Exercise data:

○ ○ ○ ○ ○ ○ ○

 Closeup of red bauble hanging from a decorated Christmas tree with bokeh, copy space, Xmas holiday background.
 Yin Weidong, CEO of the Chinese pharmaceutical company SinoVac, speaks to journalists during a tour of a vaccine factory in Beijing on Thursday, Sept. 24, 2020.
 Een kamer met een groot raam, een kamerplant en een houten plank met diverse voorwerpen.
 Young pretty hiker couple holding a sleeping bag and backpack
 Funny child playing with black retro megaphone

○ ○ ○ ○ ○ ○ ○

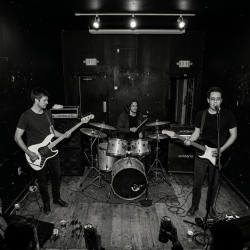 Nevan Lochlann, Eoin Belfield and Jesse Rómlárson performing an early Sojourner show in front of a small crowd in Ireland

○ ○ ○ ○ ○ ○ ○

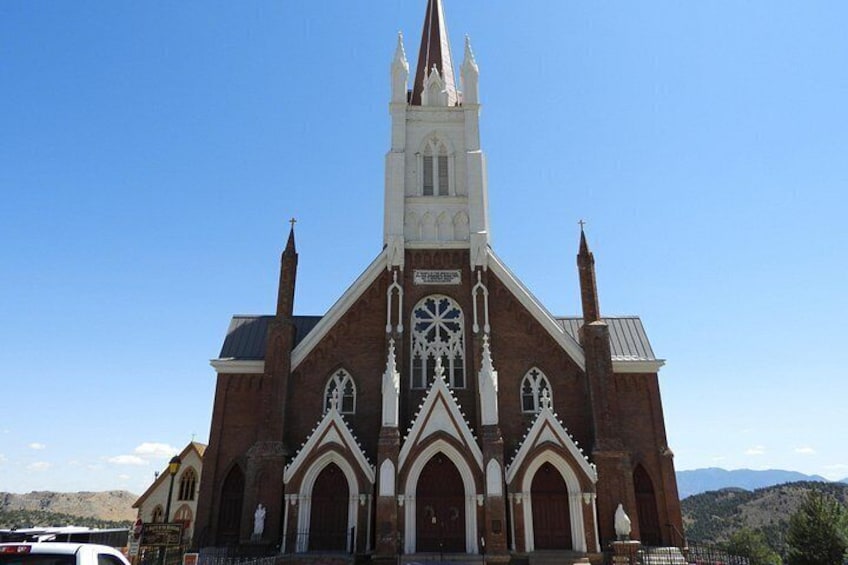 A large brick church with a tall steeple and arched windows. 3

○ ○ ○ ○ ○ ○ ○

Action item: For the material above, reproduce exactly the lines from the line with "Een kamer met" to the line with "Funny child playing", inclusive, and exclude all others.

Response area:
 Een kamer met een groot raam, een kamerplant en een houten plank met diverse voorwerpen.
 Young pretty hiker couple holding a sleeping bag and backpack
 Funny child playing with black retro megaphone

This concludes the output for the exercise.